[EXERCISE PROMPT]:
Nothing but the lines from the one with "1 pic. Live" down to the one with "Terre Haute Hotel" should be returned, exactly and with both ends included, from the material below.

****************

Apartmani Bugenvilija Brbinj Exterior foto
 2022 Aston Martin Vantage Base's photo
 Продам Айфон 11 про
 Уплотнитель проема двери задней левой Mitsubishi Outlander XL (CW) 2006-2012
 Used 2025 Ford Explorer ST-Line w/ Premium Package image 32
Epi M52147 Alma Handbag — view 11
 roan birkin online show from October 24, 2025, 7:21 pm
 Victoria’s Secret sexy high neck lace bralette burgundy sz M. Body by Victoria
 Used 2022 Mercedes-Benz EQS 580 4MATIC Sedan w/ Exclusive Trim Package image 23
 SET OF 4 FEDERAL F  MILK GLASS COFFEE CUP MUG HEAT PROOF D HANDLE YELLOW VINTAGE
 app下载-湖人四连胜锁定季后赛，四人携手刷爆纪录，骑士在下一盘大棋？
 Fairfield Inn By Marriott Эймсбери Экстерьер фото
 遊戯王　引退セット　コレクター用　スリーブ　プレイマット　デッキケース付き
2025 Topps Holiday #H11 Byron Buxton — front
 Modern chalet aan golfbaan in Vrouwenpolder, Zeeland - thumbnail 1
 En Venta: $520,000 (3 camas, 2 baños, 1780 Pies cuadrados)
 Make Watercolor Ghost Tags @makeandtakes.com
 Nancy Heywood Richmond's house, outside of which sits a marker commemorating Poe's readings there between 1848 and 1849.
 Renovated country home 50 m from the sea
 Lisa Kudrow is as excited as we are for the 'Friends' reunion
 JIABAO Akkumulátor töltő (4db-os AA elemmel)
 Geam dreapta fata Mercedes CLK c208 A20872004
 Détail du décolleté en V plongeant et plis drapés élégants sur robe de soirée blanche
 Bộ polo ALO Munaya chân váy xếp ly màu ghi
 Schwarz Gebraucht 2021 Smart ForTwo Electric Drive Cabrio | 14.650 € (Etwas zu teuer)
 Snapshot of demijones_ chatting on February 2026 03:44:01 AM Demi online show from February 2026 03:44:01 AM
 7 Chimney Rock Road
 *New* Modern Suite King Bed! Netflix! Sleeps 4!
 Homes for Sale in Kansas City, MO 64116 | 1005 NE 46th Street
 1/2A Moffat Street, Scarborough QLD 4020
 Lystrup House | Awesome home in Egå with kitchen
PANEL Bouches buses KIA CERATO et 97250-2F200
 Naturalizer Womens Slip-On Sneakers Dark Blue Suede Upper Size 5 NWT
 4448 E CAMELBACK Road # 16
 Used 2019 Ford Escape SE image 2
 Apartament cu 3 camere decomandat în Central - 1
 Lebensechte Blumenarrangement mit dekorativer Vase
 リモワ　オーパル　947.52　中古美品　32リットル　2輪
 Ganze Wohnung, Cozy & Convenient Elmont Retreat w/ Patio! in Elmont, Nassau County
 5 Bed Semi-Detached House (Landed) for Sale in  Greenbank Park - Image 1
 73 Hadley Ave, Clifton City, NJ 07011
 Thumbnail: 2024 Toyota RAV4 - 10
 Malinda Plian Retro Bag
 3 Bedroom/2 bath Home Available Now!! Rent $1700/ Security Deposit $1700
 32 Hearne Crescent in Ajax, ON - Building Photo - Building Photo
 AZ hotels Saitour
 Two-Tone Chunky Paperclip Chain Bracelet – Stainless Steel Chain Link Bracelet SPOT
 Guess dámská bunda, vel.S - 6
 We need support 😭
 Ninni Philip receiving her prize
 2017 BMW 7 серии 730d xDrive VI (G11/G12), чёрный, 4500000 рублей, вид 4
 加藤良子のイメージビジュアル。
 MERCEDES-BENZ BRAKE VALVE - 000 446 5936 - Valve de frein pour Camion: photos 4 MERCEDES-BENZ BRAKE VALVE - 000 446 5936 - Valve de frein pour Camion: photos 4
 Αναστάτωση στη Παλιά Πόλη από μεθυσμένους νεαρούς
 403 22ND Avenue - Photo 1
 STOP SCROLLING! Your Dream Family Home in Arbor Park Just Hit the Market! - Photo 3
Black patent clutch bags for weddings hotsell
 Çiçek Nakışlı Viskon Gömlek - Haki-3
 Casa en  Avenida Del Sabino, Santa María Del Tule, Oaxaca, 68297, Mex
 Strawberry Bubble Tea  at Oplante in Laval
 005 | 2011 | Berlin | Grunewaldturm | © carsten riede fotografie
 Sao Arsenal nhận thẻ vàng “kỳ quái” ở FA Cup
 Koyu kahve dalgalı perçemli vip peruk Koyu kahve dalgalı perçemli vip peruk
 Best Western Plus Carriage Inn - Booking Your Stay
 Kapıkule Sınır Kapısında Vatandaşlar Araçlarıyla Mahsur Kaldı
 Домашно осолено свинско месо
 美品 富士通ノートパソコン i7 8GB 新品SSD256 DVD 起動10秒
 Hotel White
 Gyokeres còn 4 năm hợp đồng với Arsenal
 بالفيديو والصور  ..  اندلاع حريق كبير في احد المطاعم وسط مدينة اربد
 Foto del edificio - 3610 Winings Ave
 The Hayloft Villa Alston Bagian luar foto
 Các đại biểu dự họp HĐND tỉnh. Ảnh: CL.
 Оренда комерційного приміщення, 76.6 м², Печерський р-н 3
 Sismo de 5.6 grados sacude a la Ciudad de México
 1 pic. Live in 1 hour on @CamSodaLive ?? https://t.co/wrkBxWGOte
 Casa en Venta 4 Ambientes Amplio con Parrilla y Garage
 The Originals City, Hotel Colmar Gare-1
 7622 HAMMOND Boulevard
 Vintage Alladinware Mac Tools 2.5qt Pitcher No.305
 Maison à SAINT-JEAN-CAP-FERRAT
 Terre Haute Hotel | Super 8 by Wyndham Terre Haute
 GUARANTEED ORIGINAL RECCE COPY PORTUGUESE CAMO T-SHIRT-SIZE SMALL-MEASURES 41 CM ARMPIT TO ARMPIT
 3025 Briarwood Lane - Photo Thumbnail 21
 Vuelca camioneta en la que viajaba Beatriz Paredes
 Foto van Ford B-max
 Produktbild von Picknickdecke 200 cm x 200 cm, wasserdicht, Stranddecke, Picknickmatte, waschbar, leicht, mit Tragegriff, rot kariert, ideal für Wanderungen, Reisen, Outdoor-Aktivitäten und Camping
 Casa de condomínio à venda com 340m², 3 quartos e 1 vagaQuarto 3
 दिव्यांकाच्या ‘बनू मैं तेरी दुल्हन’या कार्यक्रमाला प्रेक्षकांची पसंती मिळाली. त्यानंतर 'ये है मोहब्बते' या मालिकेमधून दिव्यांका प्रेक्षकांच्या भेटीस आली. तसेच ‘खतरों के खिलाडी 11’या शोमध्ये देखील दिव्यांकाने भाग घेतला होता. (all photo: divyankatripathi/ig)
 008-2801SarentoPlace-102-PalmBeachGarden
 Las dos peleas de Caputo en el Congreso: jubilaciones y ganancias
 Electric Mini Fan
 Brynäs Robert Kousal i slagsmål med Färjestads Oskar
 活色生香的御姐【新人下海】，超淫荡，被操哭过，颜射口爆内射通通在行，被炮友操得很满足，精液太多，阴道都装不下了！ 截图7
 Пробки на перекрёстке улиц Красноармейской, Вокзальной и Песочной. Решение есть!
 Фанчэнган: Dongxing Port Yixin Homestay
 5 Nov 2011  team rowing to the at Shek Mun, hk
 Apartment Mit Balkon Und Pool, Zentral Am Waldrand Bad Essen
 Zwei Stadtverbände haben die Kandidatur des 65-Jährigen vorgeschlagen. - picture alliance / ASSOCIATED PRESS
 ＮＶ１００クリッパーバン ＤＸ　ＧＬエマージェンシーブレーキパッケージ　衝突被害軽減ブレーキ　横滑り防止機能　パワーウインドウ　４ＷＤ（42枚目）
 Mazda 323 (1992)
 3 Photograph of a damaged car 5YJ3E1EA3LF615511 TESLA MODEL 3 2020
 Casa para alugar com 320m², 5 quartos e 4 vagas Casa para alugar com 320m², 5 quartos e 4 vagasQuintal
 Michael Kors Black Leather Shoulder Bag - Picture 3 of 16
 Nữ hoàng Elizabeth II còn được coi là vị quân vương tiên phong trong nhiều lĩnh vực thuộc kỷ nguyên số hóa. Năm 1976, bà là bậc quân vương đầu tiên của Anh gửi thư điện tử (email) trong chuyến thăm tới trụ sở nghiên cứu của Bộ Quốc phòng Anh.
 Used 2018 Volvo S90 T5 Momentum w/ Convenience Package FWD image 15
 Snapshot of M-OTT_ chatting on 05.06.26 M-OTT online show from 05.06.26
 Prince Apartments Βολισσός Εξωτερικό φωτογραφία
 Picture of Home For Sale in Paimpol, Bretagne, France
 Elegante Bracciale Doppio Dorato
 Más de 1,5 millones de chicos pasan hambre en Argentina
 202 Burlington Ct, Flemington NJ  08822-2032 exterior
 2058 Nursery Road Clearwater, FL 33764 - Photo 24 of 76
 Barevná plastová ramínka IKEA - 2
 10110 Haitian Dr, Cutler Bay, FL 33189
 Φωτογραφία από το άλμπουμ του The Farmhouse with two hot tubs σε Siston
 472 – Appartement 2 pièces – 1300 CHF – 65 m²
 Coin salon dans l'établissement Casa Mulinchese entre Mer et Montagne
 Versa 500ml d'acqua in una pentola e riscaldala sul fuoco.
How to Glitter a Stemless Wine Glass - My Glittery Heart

****************

[OUTPUT FOR THIS TASK]:
 1 pic. Live in 1 hour on @CamSodaLive ?? https://t.co/wrkBxWGOte
 Casa en Venta 4 Ambientes Amplio con Parrilla y Garage
 The Originals City, Hotel Colmar Gare-1
 7622 HAMMOND Boulevard
 Vintage Alladinware Mac Tools 2.5qt Pitcher No.305
 Maison à SAINT-JEAN-CAP-FERRAT
 Terre Haute Hotel | Super 8 by Wyndham Terre Haute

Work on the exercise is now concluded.